TASK DETAILS:
Could you give back exactly the lines below from the one with "Husa MagSafe pentru" through the one with "Licensed Vintage LSU Sequin Boxy Tank", without a single picture?

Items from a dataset

#####

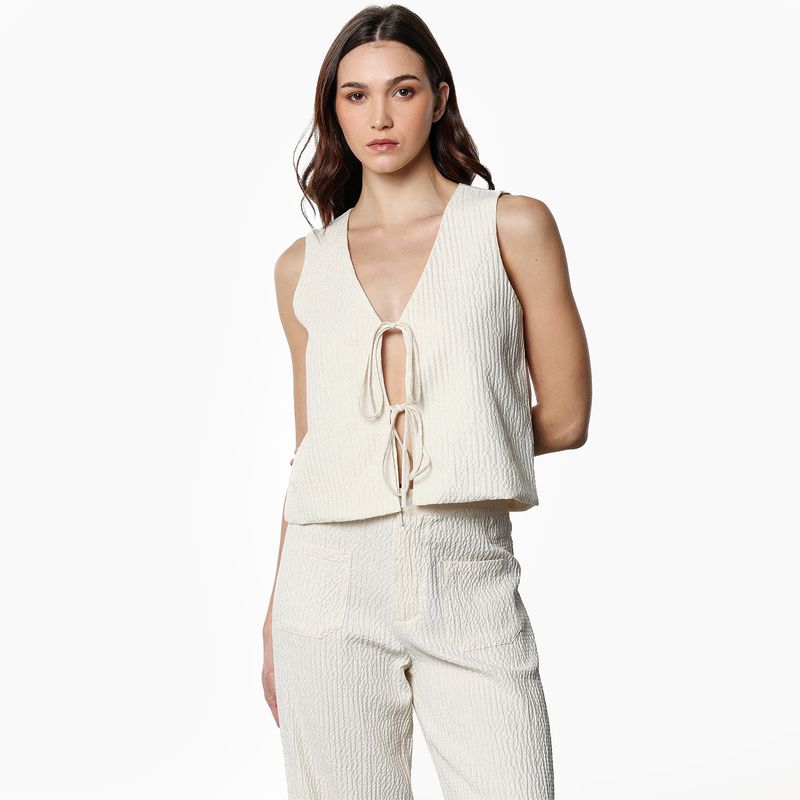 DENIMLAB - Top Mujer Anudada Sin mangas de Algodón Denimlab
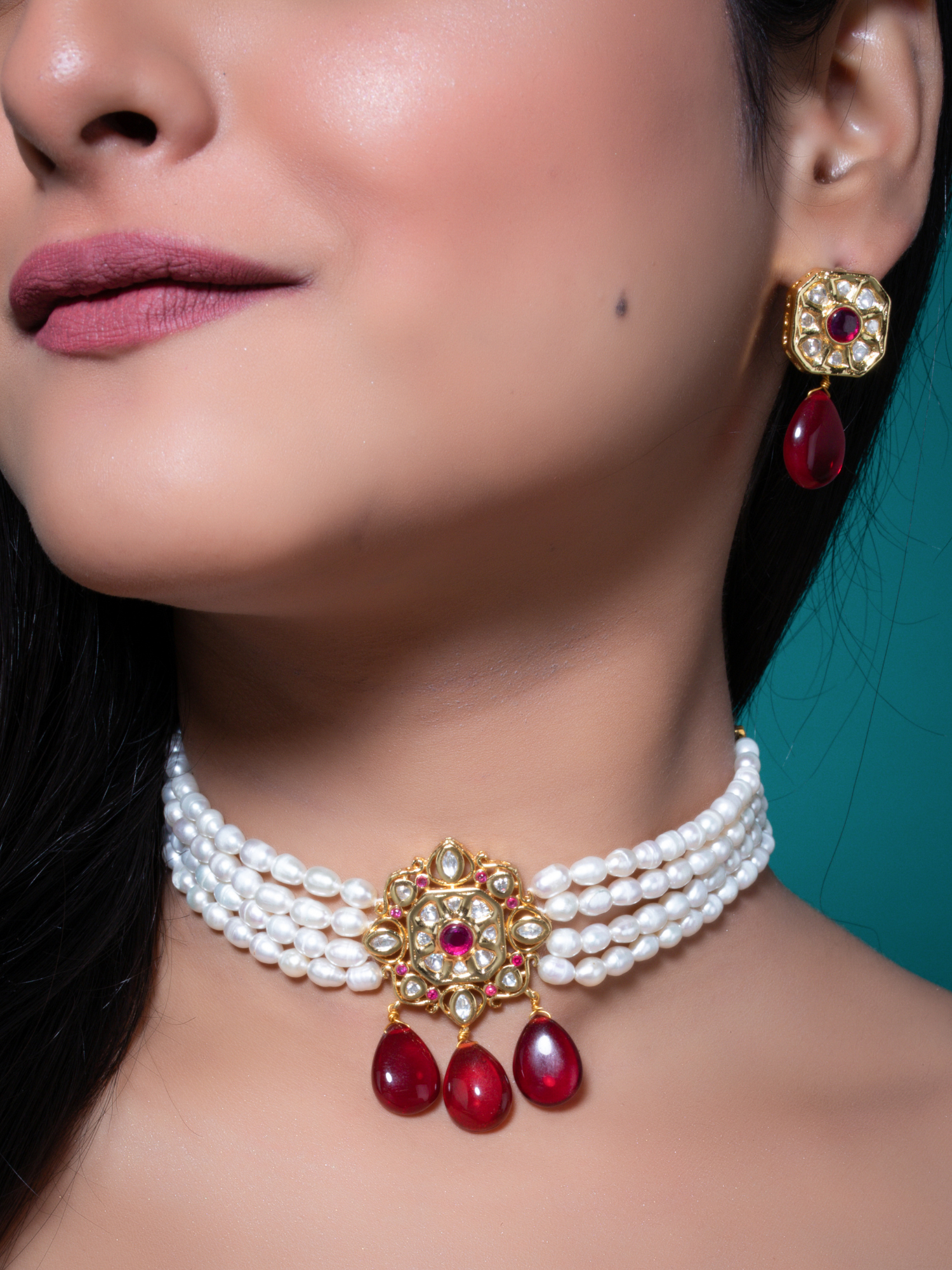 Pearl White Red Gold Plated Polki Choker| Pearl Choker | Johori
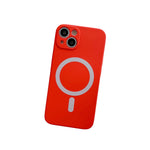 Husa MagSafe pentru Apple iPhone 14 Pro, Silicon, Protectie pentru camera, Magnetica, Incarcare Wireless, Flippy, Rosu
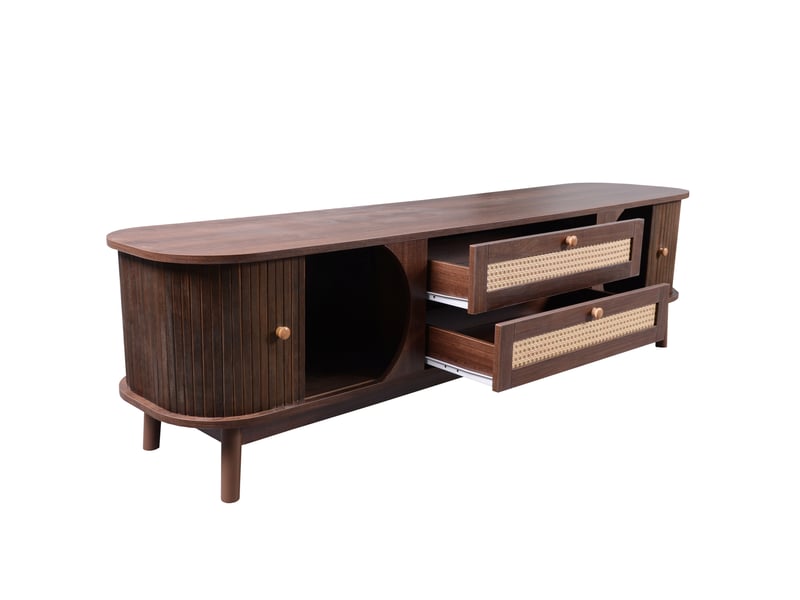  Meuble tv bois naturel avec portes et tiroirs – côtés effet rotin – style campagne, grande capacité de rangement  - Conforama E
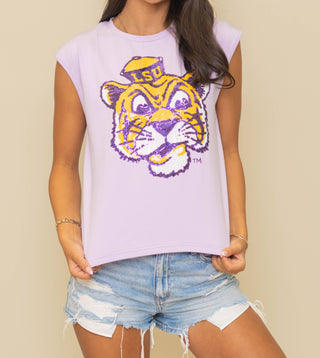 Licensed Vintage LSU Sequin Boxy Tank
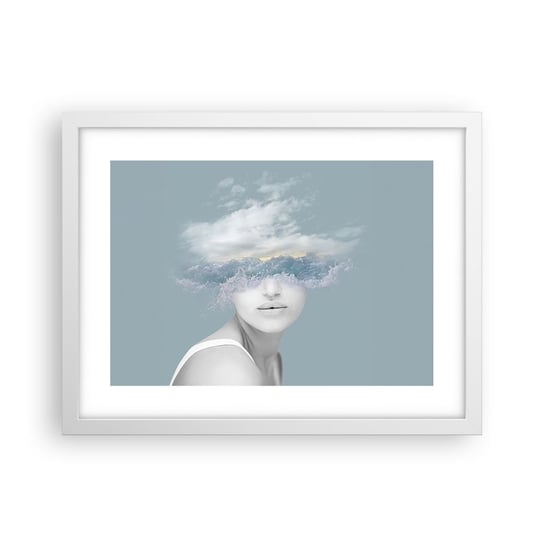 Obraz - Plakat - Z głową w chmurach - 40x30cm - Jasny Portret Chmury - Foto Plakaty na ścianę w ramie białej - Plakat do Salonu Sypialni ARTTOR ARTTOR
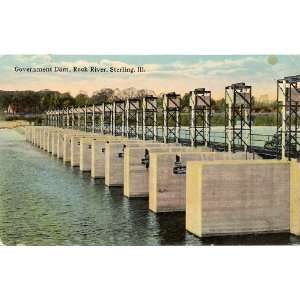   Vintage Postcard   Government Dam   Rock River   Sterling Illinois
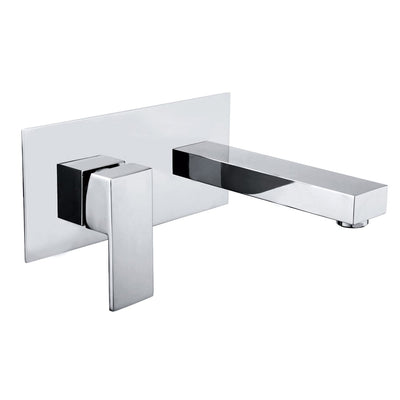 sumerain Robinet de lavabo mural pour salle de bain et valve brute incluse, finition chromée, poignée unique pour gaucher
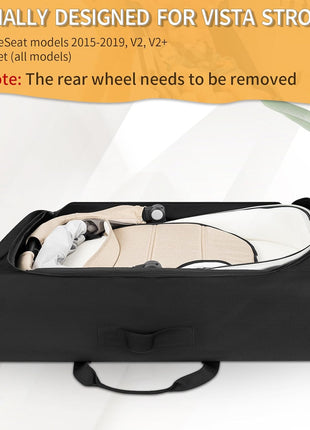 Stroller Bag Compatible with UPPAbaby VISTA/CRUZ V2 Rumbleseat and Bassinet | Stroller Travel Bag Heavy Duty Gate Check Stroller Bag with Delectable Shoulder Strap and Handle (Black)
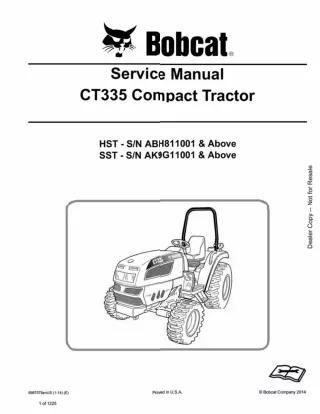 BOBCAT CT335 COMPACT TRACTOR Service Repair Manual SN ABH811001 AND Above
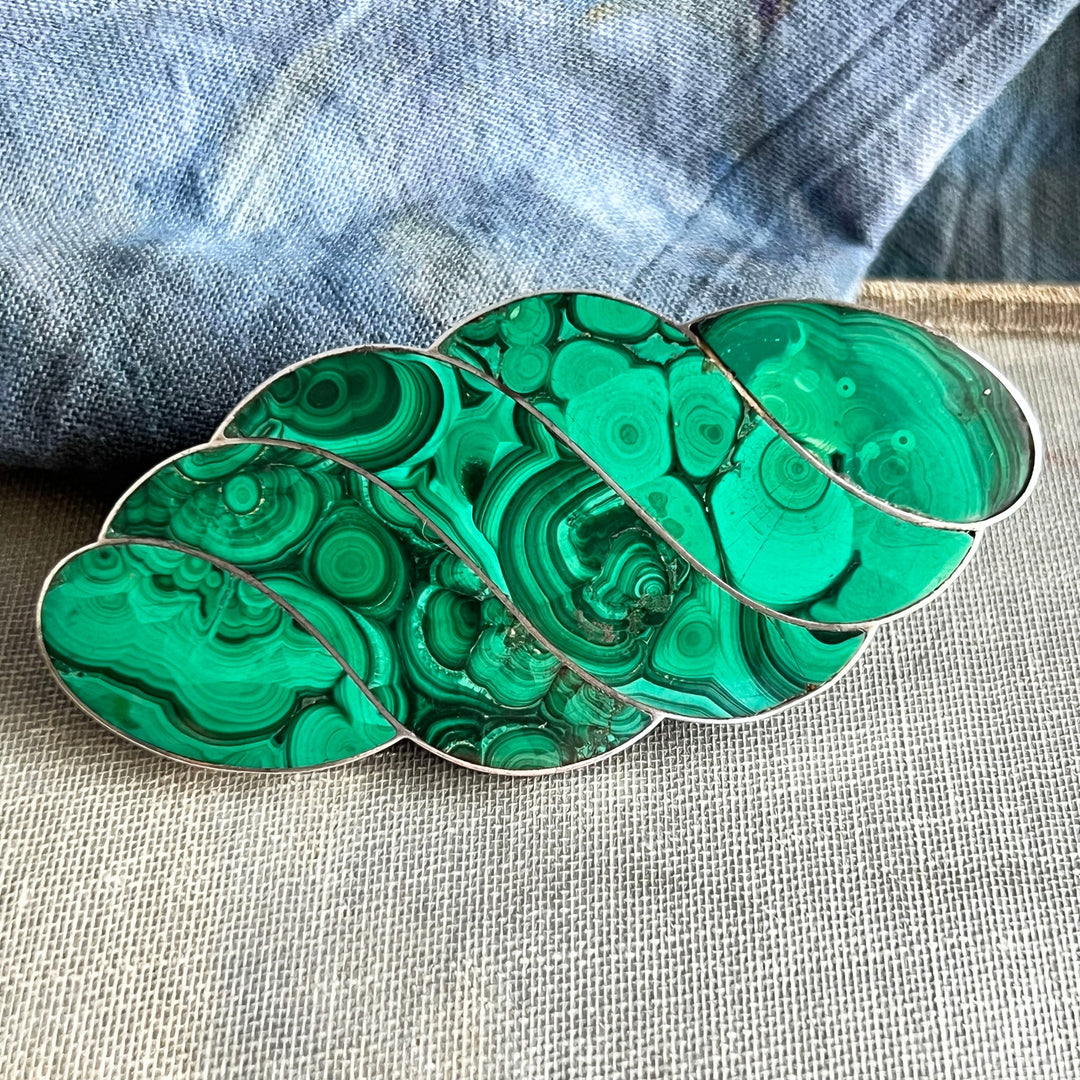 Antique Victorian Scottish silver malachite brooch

#####

EXERCISE RESULT:
 Husa MagSafe pentru Apple iPhone 14 Pro, Silicon, Protectie pentru camera, Magnetica, Incarcare Wireless, Flippy, Rosu
  Meuble tv bois naturel avec portes et tiroirs – côtés effet rotin – style campagne, grande capacité de rangement  - Conforama E
 Licensed Vintage LSU Sequin Boxy Tank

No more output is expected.